Cependant, la CFDT s’est toujours opposée à l’extrême-droite, à cause des valeurs que cette dernière véhicule : démagogie, rejet de l’autre, politique du bouc émissaire, remise en cause de l’égalité hommes-femmes … Il n’est ainsi pas possible d’être à la CFDT et se soutenir publiquement le FN.
Une « fenêtre de tir » favorable au FN
Le succès médiatique et « sondagier » aujourd’hui, (électoral demain ?) du FN est relativement facile à expliquer. La société française est gangrénée depuis 40 ans par le chômage.
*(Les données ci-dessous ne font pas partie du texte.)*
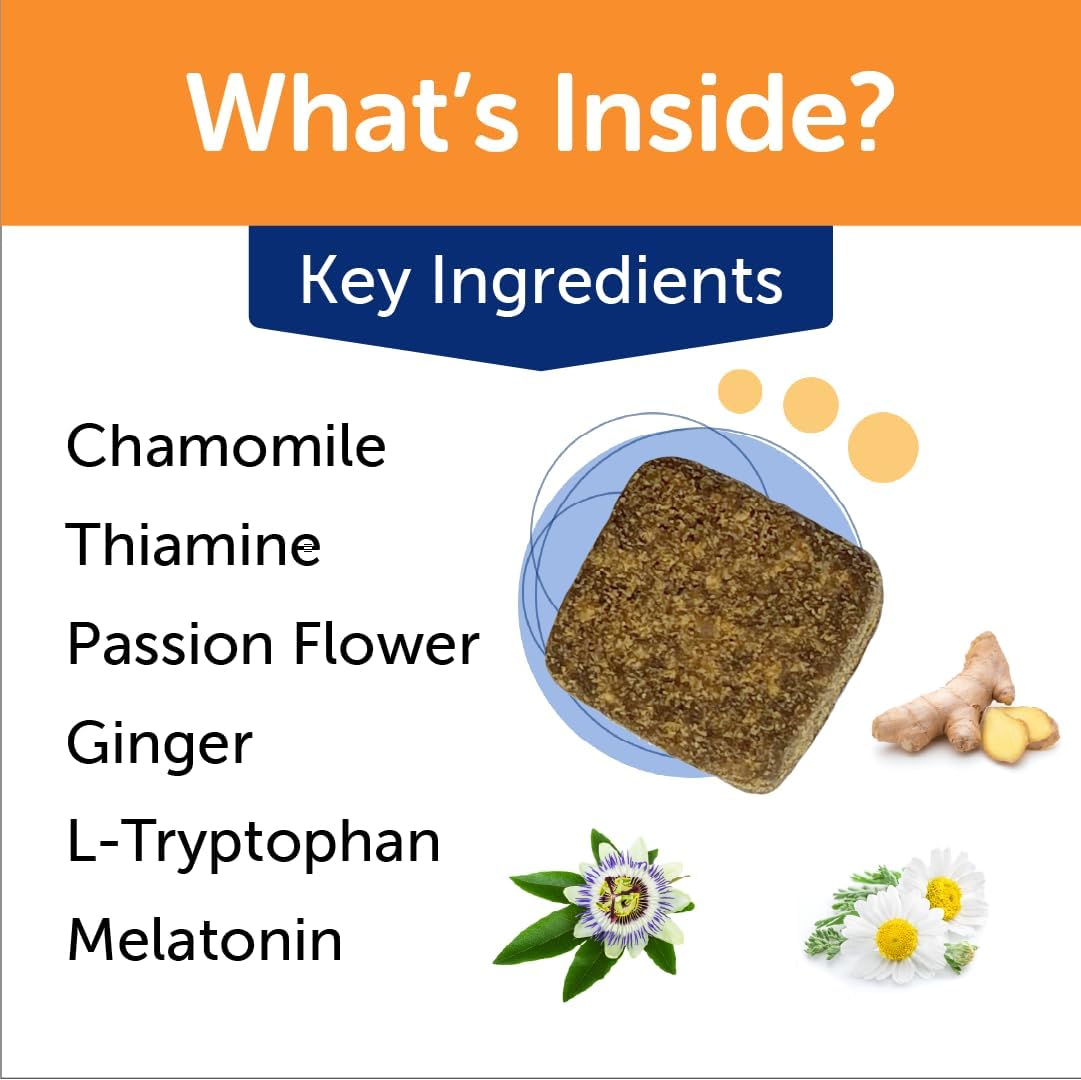 ThunderBites Dog Calming Chews, Thiamine, L-Tryptophan, Melatonin and Ginger, Can Help Relieve Stress from Separation, Storms, Fireworks & Travel (180 Count), formerly ThunderWunders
La crise de 2008 a dégradé fortement les choses, et pour l’instant l’économie française est au fond du trou. Dans le même temps, nombreux sont les politiques, les syndicats, les intellectuels et les commentateurs, qui pour certains n’ont rien à voir avec l’extrême-droite, qui dénoncent à l’avance toutes les politiques mises en place. La confiance dans l’action publique est au plus bas. S’ajoute à cela la tradition bien française du nombrilisme, qui fait dédaigner d’aller voir à l’étranger ce qui fonctionne ou pas.
La peur du lendemain, les solutions faciles, le bouc émissaire étranger, la façade de plus en plus « présentable » offerte par les dirigeants du parti, font que le FN attire de plus en plus les électeurs.
Un danger réel
Cependant, le plan médiatique de la dédiabolisation connaît de temps en temps quelques ratés qui éclairent la réalité des idées portées par les cadres du FN.
Ainsi, après avoir utilisé la laïcité comme paravent de l’islamophobie, on entend maintenant que pour être pleinement citoyen français, il faut être chrétien, et pas musulman ! Va-t-on expulser tous ceux qui ne sont pas de bons catholiques, comme l’a fait Louis XIV avec les protestants ?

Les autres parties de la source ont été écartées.